Underlying all this has been a perceived authoritarian streak typified by Starmer’s rant against ‘blockers’ to planning applications, and the push to curtail access to judicial reviews. Both of these came from frustration with apparent community opposition to new housing and infrastructure projects. There are genuine concerns about the impediments to building things in the UK, but the real reasons may well go well beyond the planning process and related consultation requirements. Developers seem to have persuaded Ministers that public opposition expressed through consultation is a bigger factor than it really is. Supply chain issues, market competition and political indecision appear to me to be far more significant.

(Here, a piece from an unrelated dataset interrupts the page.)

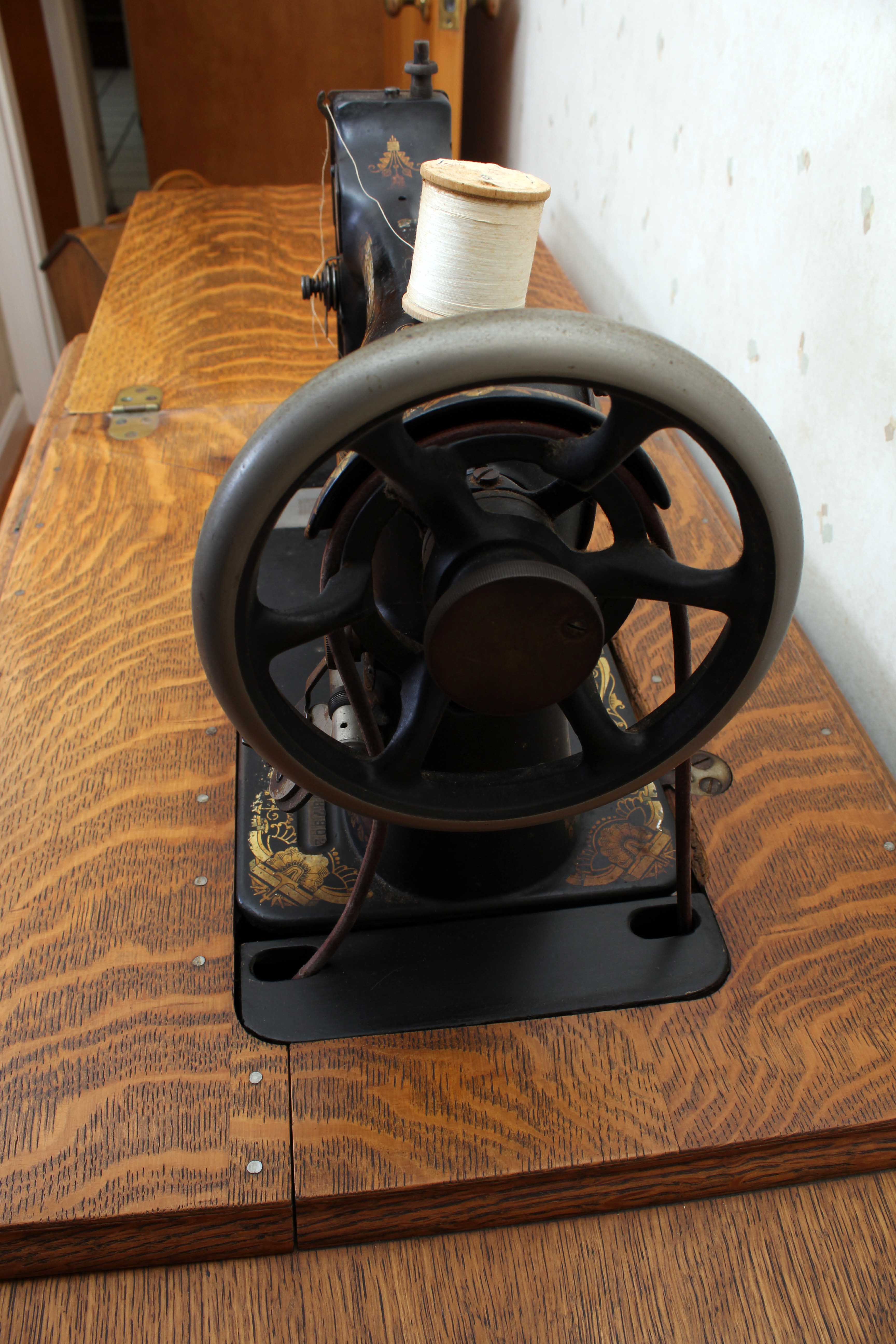 1891 Singer Treadle Sewing Machine Sphinx Design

And here is the rub. Any Government has to balance the need to be consultative and listen to well-informed advice – against the pressures for efficiency and effectiveness. Labour finds this tricky, as it is so hell-bent on proving right-wing critics wrong when they claim that leftie politicians don’t know how to run things as well as the traditional mercantile business-leaders who once inhabited the Conservative Party. In consequence, they try too hard to please the financiers, the developers, and the command-and-control tendency.
Andy Burnham takes the helm with a reputation for striking the right balance in Manchester – building strong relationships with the private sector alongside his proven commitment to working with communities. It may be because of his acknowledged skills in messaging to different audiences. Or also because he places so much emphasis on ‘problem-solving’ a more collegiate approach to addressing wicked issues.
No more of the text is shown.